Les coupoles de l’église abbatiale de Saint-Front de Périgueux peuvent être considérées toutefois comme les premières dont la construction ait exercé une influence considérable sur l’architecture occidentale. Ces coupoles, au nombre de cinq, égales en diamètre et en élévation, à base circulaire, sont établies sur pendentifs ; mais ces pendentifs ne sont pas appareillés comme il convient : les lits des assises sont horizontaux, au lieu d’être normaux à leur courbe génératrice ; ce sont de véritables encorbellements qui ne se soutiennent que par l’adhérence des mortiers et par leur forme sphéroïdale.

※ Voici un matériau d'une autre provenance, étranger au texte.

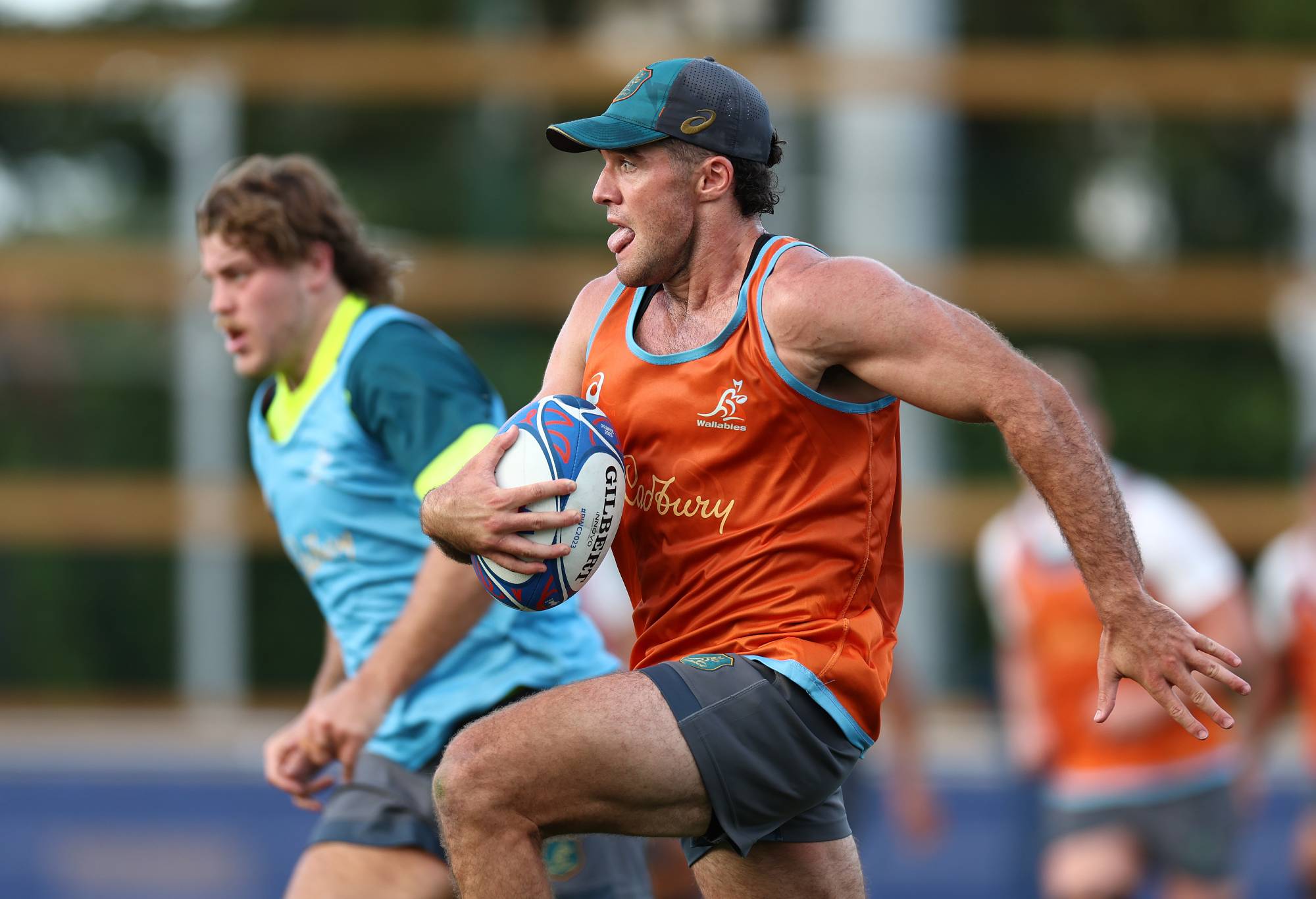 Ben Donaldson runs the ball during a Wallabies training session ahead of the Rugby World Cup France 2023, at Stade Roger Baudras on September 02, 2023 in Saint-Etienne, France. (Photo by Chris Hyde/Getty Images)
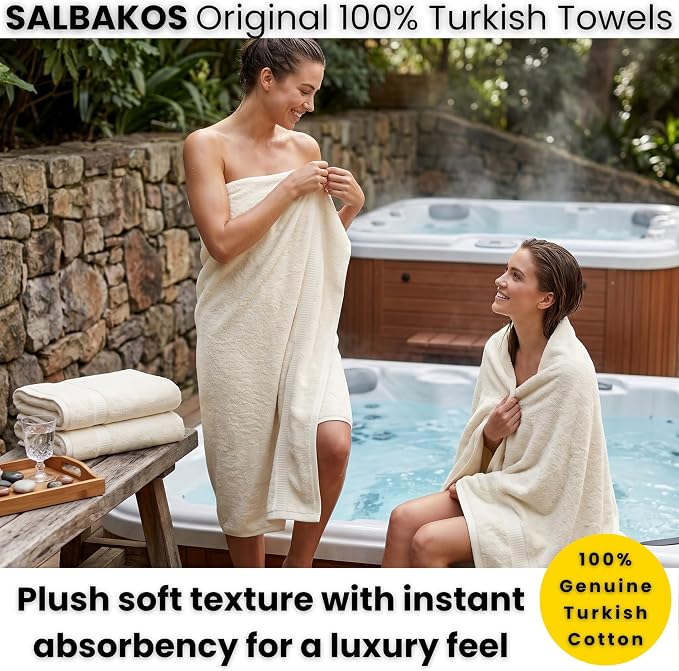 SALBAKOS 2-Piece 100% Turkish Cotton Bath Towels, Extra-Large 35x70, Ivory | Oversized Bath Sheet Towel for Bathroom & Beach, Thick, Super Soft, Highly Absorbent, Premium Hotel Quality, Made in Turkey
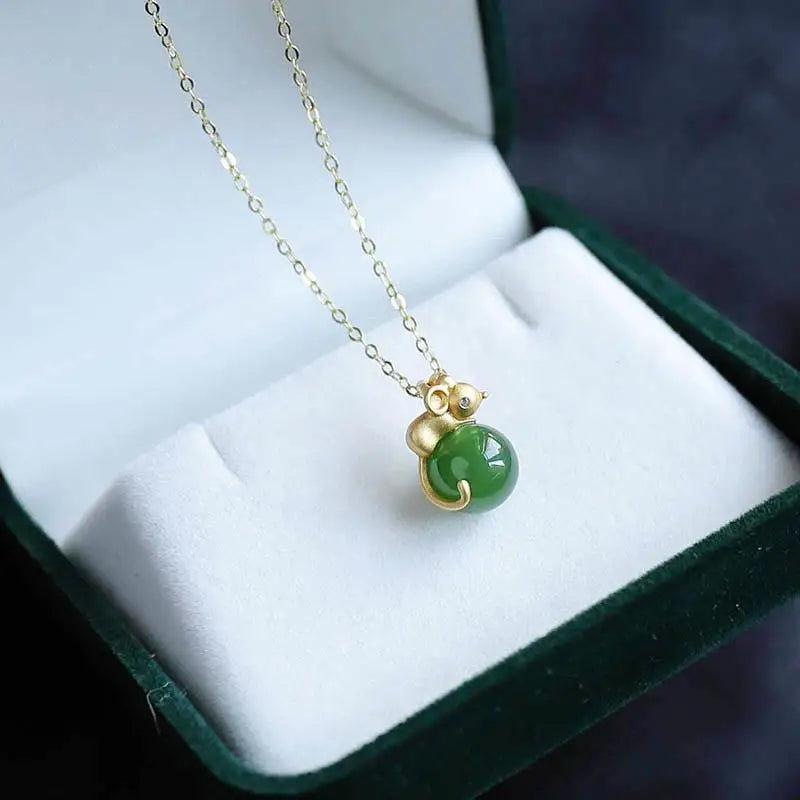 Hetian Jade Green Jade Rat Pendant 925 Sterling Silver Necklace Lucky Gift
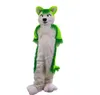 Costume de mascotte de chien Husky de loup vert chaud, matériel de tête de dessin animé, robe de fête, ensemble de dessin animé de haute qualité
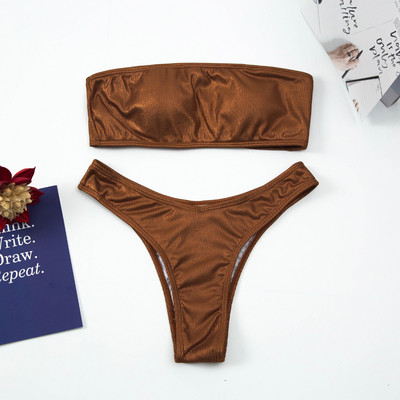 Κλασικό μοντέλο γυναικείο μαγιό μπικίνι με γυαλιστερό εφέ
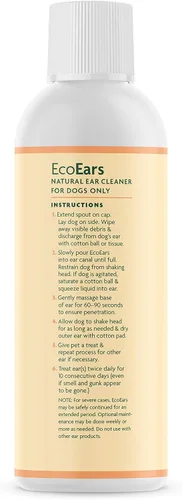 Vista 3 de EcoEars Fórmula para infección de oídos de perros, para picazón, sacudida de cabeza, descarga y olor, natural limpiador multi síntomas de orejas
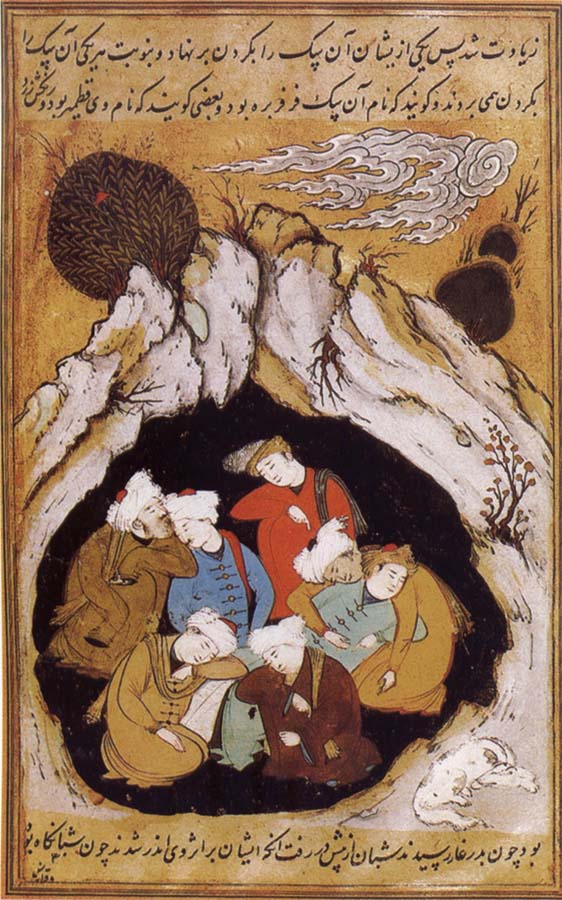 The Seven Sleepers in the cave of Ephesus with their dog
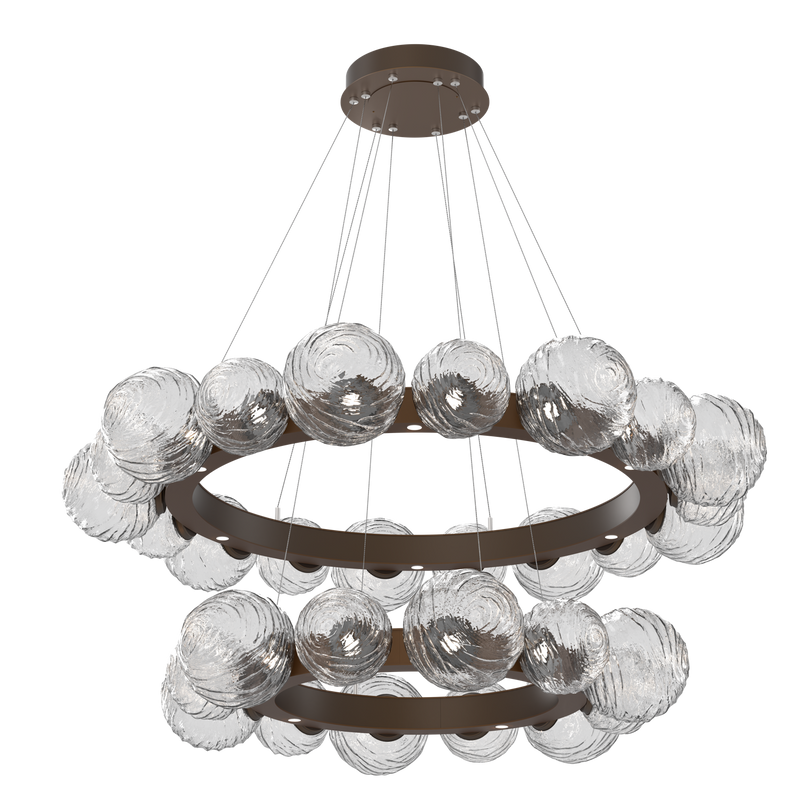 Gaia Radial Ring Chandelier Two Tier Flat Bronze Clear By Hammerton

Il est évident ainsi que l’architecte de Saint-Front a imité la forme d’une construction étrangère, sans se rendre compte de son principe, et ce fait seul tendrait à détruire l’opinion émise par notre savant ami, M. de Verneilh, savoir : que l’église actuelle de Saint-Front aurait été élevée par un artiste venu des bords de l’Adriatique[2]. Nous venons de voir, dans l’exemple précédent, que le constructeur de la petite église de Saint-Ferréol, voulant faire des pendentifs, n’a trouvé d’autre moyen, pour leur donner une courbure à peu près convenable, que d’incliner les rangs de moellons sur les reins des arcs doubleaux, c’est-à-dire de superposer des rangs de voussoirs, tant bien que mal, en les avançant les uns sur les autres, et de les enchevêtrer de la façon la plus grossière au point de jonction. En construction, comme en toute chose qui demande à la fois du calcul et de l’expérience, il ne faut jamais supposer que les moyens les plus simples soient adoptés les premiers ; c’est le contraire qui a lieu. Le principe de construction des pendentifs, une fois connu, semble très-naturel ; mais il dut paraître, aux yeux d’artistes barbares, un véritable tour de force. Il ne fut jamais compris par les architectes romans, et si nous possédons en France quelques coupoles portées sur pendentifs, avant l’ère gothique, ceux-ci ne sont qu’une apparence, non un système de construction compris et

  1. M. Mérimée a pris la peine de relever ce petit monument, et a bien voulu nous communiquer les précieux croquis qu’il a faits pendant son séjour à Saint-Honorat.
  2. Il faut dire que quand M. de Verneilh a publié son livre sur l’architecture byzantine en France, M. Abadie, l’architecte chargé de la restauration de Saint-Front, n’avait pas encore commencé les travaux qu’il dirige avec autant de dévouement que d’intelligence, et ce fait de la construction singulière des pendentifs n’avait pu être signalé.